• _WORK TO COMPLETE_: Only the lines from the one containing "Fanatic Fly Air 10’8 Inflatable SUP - Image 3" through the end of the data belong in the answer; reproduce them exactly.

• _AVAILABLE DATA_:
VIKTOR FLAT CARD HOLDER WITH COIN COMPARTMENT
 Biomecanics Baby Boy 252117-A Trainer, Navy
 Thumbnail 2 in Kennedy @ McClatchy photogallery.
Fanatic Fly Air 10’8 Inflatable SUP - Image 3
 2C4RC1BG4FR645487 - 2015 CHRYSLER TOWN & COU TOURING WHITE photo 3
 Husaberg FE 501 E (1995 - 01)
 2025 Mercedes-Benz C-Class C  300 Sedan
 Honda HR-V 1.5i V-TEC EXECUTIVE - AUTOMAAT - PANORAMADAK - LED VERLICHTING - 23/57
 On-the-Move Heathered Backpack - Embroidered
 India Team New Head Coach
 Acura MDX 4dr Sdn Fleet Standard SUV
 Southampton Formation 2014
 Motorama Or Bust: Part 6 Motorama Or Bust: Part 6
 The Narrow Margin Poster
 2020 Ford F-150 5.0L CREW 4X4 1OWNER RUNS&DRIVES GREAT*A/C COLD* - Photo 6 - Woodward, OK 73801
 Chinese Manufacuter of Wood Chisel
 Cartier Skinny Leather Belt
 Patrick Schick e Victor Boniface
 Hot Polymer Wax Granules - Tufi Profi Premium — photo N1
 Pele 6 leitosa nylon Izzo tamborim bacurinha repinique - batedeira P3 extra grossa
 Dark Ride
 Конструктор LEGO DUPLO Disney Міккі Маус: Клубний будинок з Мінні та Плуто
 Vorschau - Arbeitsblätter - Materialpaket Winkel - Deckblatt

• _RESPONSE BOX_:
Fanatic Fly Air 10’8 Inflatable SUP - Image 3
 2C4RC1BG4FR645487 - 2015 CHRYSLER TOWN & COU TOURING WHITE photo 3
 Husaberg FE 501 E (1995 - 01)
 2025 Mercedes-Benz C-Class C  300 Sedan
 Honda HR-V 1.5i V-TEC EXECUTIVE - AUTOMAAT - PANORAMADAK - LED VERLICHTING - 23/57
 On-the-Move Heathered Backpack - Embroidered
 India Team New Head Coach
 Acura MDX 4dr Sdn Fleet Standard SUV
 Southampton Formation 2014
 Motorama Or Bust: Part 6 Motorama Or Bust: Part 6
 The Narrow Margin Poster
 2020 Ford F-150 5.0L CREW 4X4 1OWNER RUNS&DRIVES GREAT*A/C COLD* - Photo 6 - Woodward, OK 73801
 Chinese Manufacuter of Wood Chisel
 Cartier Skinny Leather Belt
 Patrick Schick e Victor Boniface
 Hot Polymer Wax Granules - Tufi Profi Premium — photo N1
 Pele 6 leitosa nylon Izzo tamborim bacurinha repinique - batedeira P3 extra grossa
 Dark Ride
 Конструктор LEGO DUPLO Disney Міккі Маус: Клубний будинок з Мінні та Плуто
 Vorschau - Arbeitsblätter - Materialpaket Winkel - Deckblatt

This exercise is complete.